**WORK TO BE COMPLETED:** Taking the entries below, transcribe only the lines starting with the one with "Manolo Blahnik Capsli" and going on through the one with "LayinSun 8 Piece", exactly as written, without the pictures.

+===+

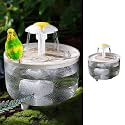 MANON ROSA Bird Bath for Parakeets - Small Bird Shower Bathing Fountain with Filtered Circulating Water Pool Sink for Parrots Lovebirds Conures Finches Cockatiels - Easy-Clean Pet Accessories (Clear)
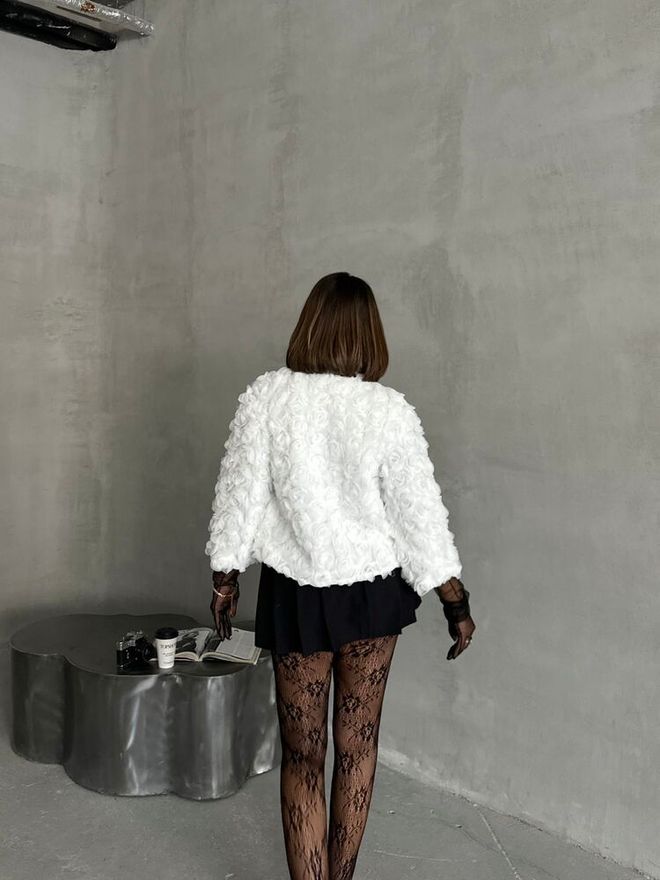 Topshow Cream Rose Patterned Tulle Wholesale Jacket Wholesale Clothing 4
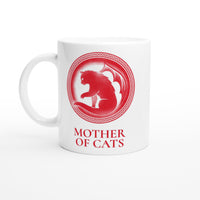 Taza Blanca con Impresión de Gato "Madre de Gatos" Michilandia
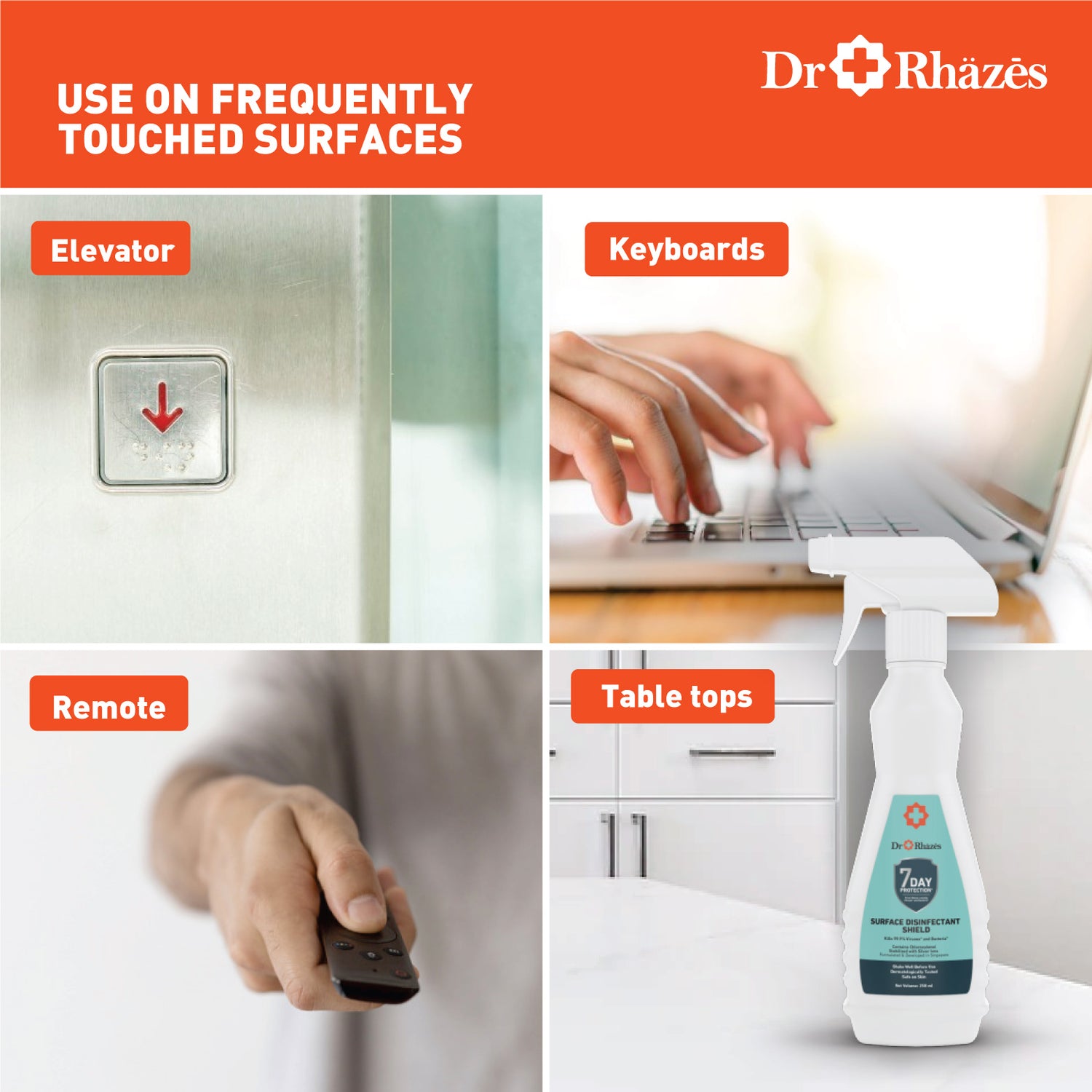 Dr Rhazes 7 Day Surface Disinfectant Shield - Trigger Spray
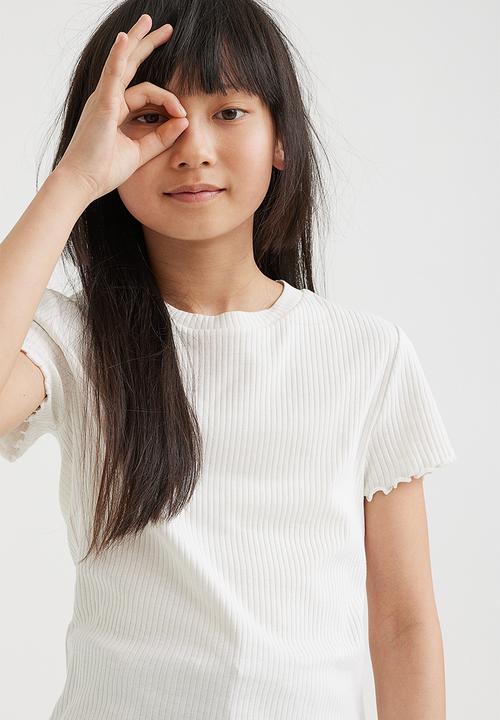 H&M - Ribbed cotton jersey top - white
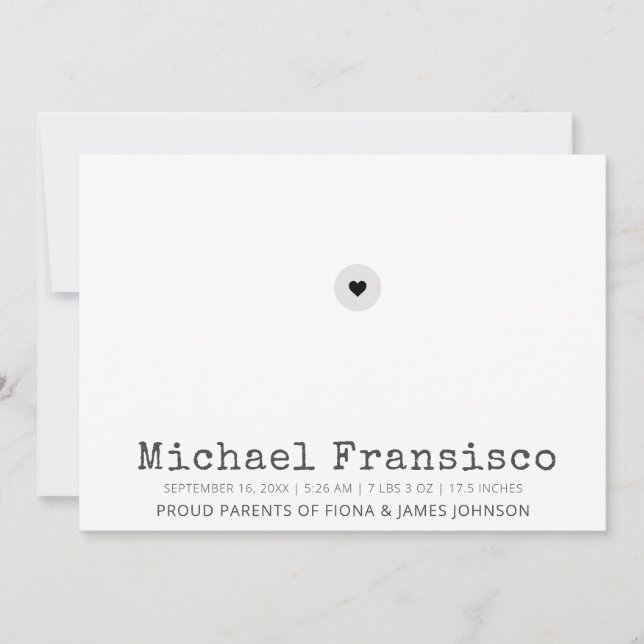 Moderne Foto Grid Collage Stats Birth Ankündigung (Vorderseite)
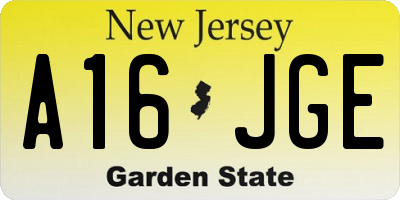 NJ license plate A16JGE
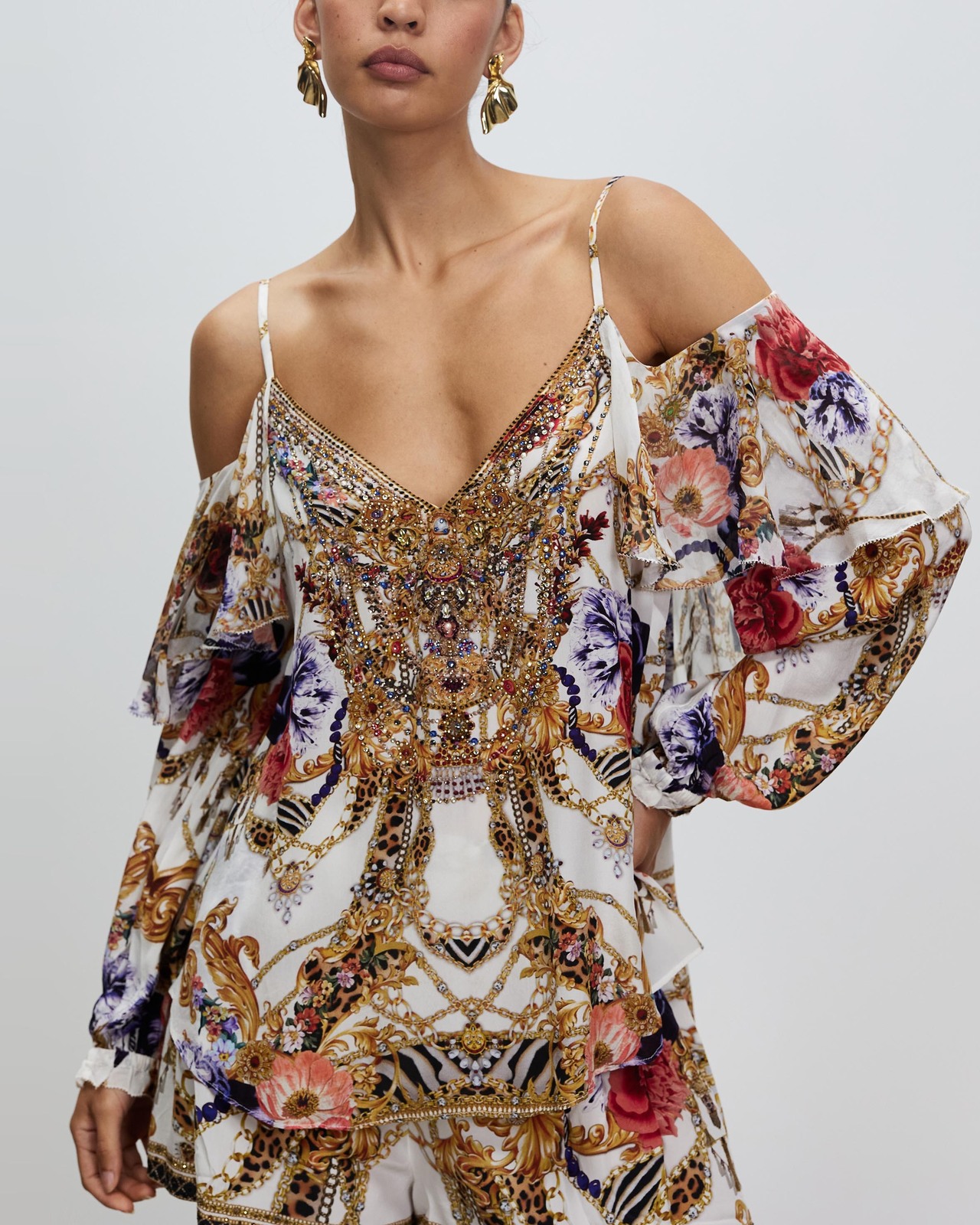 Drop Shoulder Ruffle Blouse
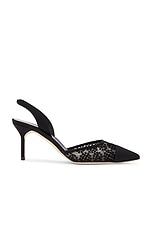 Manolo Blahnik Capsli 70 Lace Pump in Black, view 1, click to view large image.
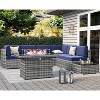 LayinSun 8 Piece Patio Furniture Set with 44" Propane Gas Fire Pit Table, Outdoor Sectional Conversation Set Wicker Rattan Sofa Set - 2 of 4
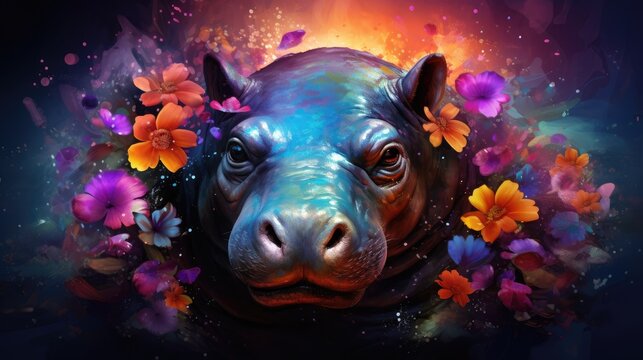  a close up of a hippopotamus with flowers around it's neck and a background of butterflies and flowers.  generative ai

+===+

**SOLVED EXERCISE:**
 Manolo Blahnik Capsli 70 Lace Pump in Black, view 1, click to view large image.
 LayinSun 8 Piece Patio Furniture Set with 44" Propane Gas Fire Pit Table, Outdoor Sectional Conversation Set Wicker Rattan Sofa Set - 2 of 4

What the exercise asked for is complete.